Sausage, Spinach, and Apple Strata
Giada De Laurentiis
2 tablespoons olive oil
- 1 pound breakfast sausage (casings removed)
- 2 shallots (chopped)
- 1 apple (such as Honeycrisp, chopped into ‚1-inch pieces)
- 1 10-ounce box chopped frozen spinach, thawed, squeezed dry
- 8 cups cubed Italian bread (from a 1-pound loaf)
- 2 tablespoons unsalted butter (at room temperature, for the baking dish)

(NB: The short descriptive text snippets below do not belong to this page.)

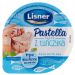 PASTELLA Z TUŃCZYKA 80G LISNER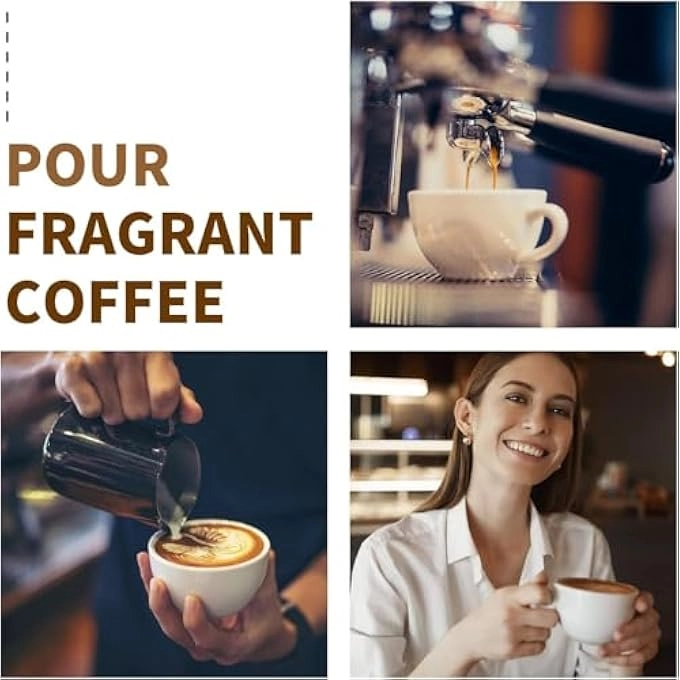 Espresso Cleaning Disc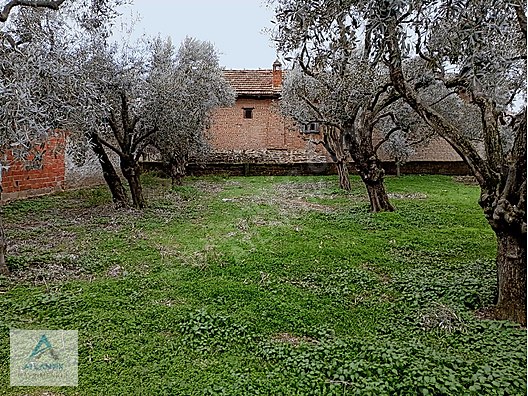 Atlantik gayrimenkul den satılık imarlı arsa - İZMİR ÖDEMİŞ fotoğraf 2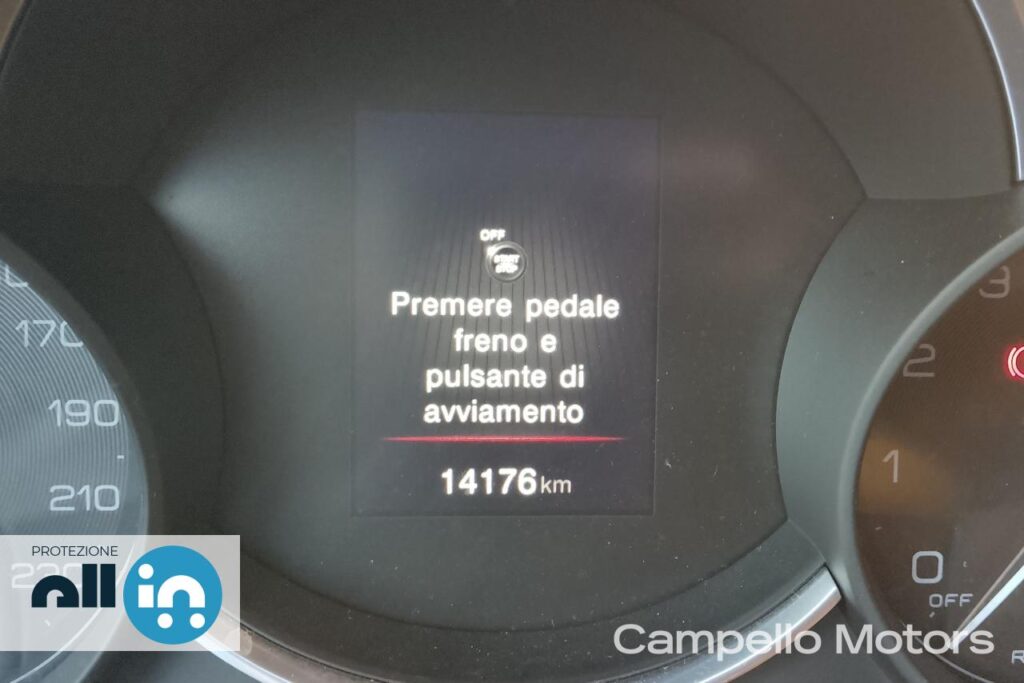 FIAT 500X 1.5 T4 Hybrid 130cv DCT Sport Usato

- 1 cup shredded mozzarella cheese
- 3 cups whole milk
- 1 cup heavy cream
- 6 large eggs
- 1 teaspoon salt
- ½ teaspoon freshly ground black pepper
- ¼ cup finely grated Parmesan cheese
- Heat the oil in a heavy large skillet over medium heat. Add the sausage and cook about 5 minutes, breaking it up into small pieces with a wooden spoon. Add the shallots and sauté until translucent, about 3 minutes. Add the apple and the spinach and sauté over medium-low heat for another 2 minutes. Set aside to cool slightly.
- Place half of the bread cubes in a buttered 3-quart baking dish. Sprinkle half of the mozzarella over the bread, then top with half of the spinach mixture. Repeat layering.
- Whisk the milk, cream, eggs, salt, and pepper in a large bowl and pour evenly over the strata. Top with the Parmesan cheese. Chill the strata, covered with plastic wrap, at least 2 hours and up to 12 hours.
- Preheat the oven to 350°F. Bake the strata uncovered until puffed, golden brown, and cooked through, about 50 minutes. A thin knife inserted in the middle of the strata should come out clean. If the top browns too quickly, cover with a sheet of aluminum foil. Let stand 5 minutes before serving.